3045. Count Prefix and Suffix Pairs II

HardTrieArrayStringString MatchingHash FunctionRolling Hash
Leetcode Link

Problem Description

The problem presents us with an array of strings words, where each element is a string. We are tasked to determine the number of unique index pairs (i, j) such that the string at index i is both a prefix (the beginning part) and a suffix (the ending part) of the string at index j, with the additional condition that i must be less than j.

For example, if the words array contains ["apple", "applepie", "pie"], then the string "apple" is both a prefix and a suffix of "applepie", forming a valid pair of indices (0, 1).

The challenge is to count all such pairs in the given array, taking into consideration that the strings can be of any length and the array can contain a large number of strings.

Intuition

The straightforward approach to this problem would be to compare every possible pair of strings and check if the conditions of being a prefix and suffix are met.
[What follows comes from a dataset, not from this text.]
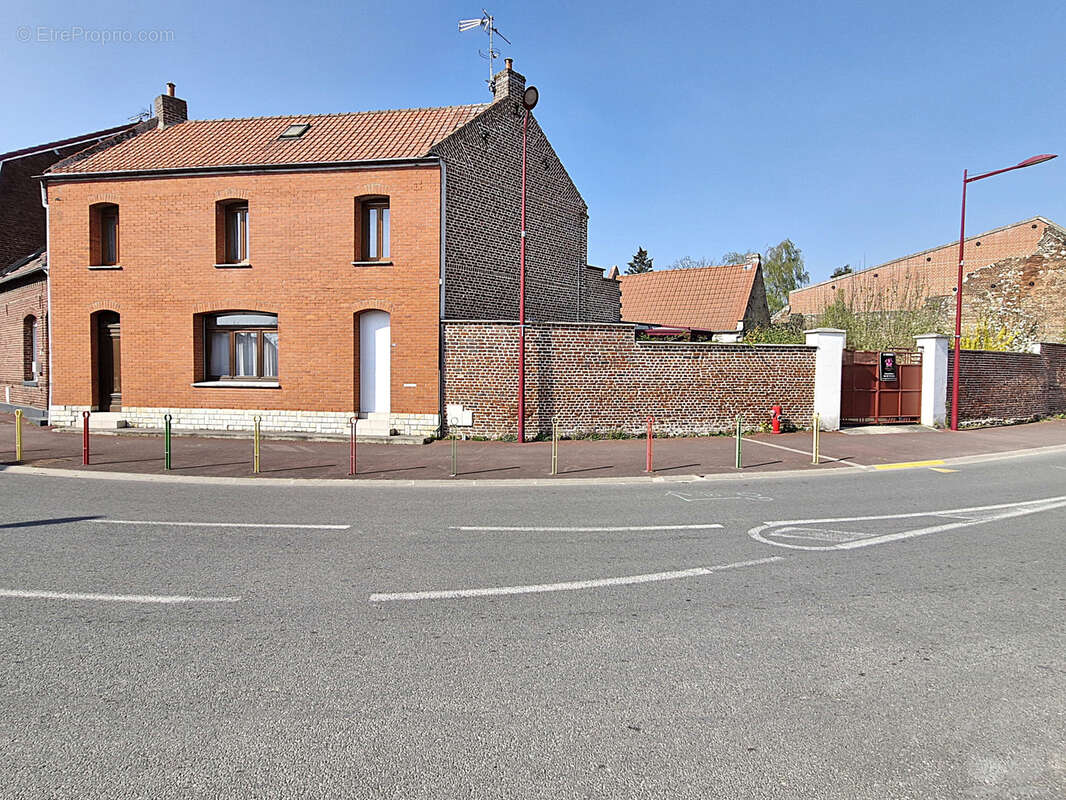 Maison à MONCHECOURT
However, this naive approach could be very inefficient because it would require a lot of redundant comparison especially when there are repeating patterns in the strings.

To optimize the process, we should try to find a way that can help us identify the prefix-suffix relationship faster. This brings us to the core of the solution - Trie data structure. Tries are often used for efficiently searching for prefixes in a set of strings. But for our problem, we need to check for both prefixes and suffixes simultaneously.
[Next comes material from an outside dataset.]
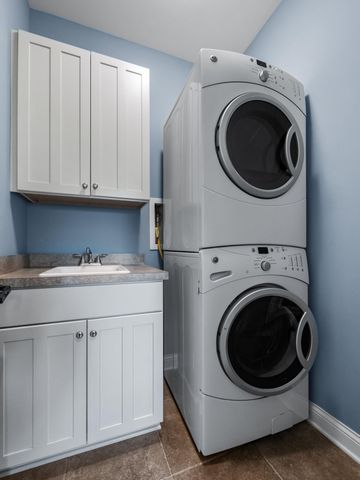 57 N Shore Drive, South Haven, MI 49090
To achieve this, we introduce a modified trie that holds pairs of characters. Each pair is composed of a character from the prefix and a character from the suffix of the same position in the string. For example, for string "ababa", the pairs would be (a,a), (b,b), (a,a).

While inserting these pairs into the trie, we maintain a count at each node, representing how many times a particular prefix-suffix pair has been seen thus far. When we iterate over a new string to insert its character pairs into the trie, we can simultaneously calculate the number of times a subtree's character pairs have appeared before. This allows us to efficiently count the number of valid i < j pairs, where isPrefixAndSuffix(words[i], words[j]) is true, without having to explicitly check every combination.
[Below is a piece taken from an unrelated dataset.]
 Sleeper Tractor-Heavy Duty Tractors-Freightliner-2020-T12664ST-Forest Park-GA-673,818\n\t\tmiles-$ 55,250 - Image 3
The given solution code implements a Trie with the specified modification and efficiently computes the count of qualifying index pairs.

Learn more about Trie patterns.

Not Sure What to Study? Take the 2-min Quiz to Find Your Missing Piece:

Which two pointer technique does Quick Sort use?

Solution Approach

In the solution approach, we are utilizing a Trie data structure. Traditionally, a trie is used for storing and searching for strings based on their prefixes. In our case, we need to consider both the prefix and suffix simultaneously. The main algorithms and patterns used in our solution are:

  • Trie Construction: The trie is constructed not on single characters but on pairs of characters. Each node in the trie represents a pair of (prefix_char, suffix_char). If the string is "ababa", the pairs inserted would be (a, a), (b, b), and (a, a). The trie is used to store all possible prefix-suffix pairs that we encounter when iterating through the words.

  • Trie Node Structure: Each node in the trie contains a dictionary children that maps character pairs to their corresponding child nodes. It also has a counter cnt, which indicates the number of times the particular prefix-suffix pair (represented by the path to this node) has been encountered so far.

  • Inserting into the Trie: For each string s, we iterate through the characters, creating a pair (s[i], s[m-i-1]) which contains the i-th character from the start and end of the string. We insert this pair into the trie. If the pair doesn't exist, we create a new node.

  • Searching and Counting: While inserting character pairs of a string, we traverse the trie based on these pairs. We also increment the count of how often we have seen the prefix-suffix pair, which is hosted on the trie node.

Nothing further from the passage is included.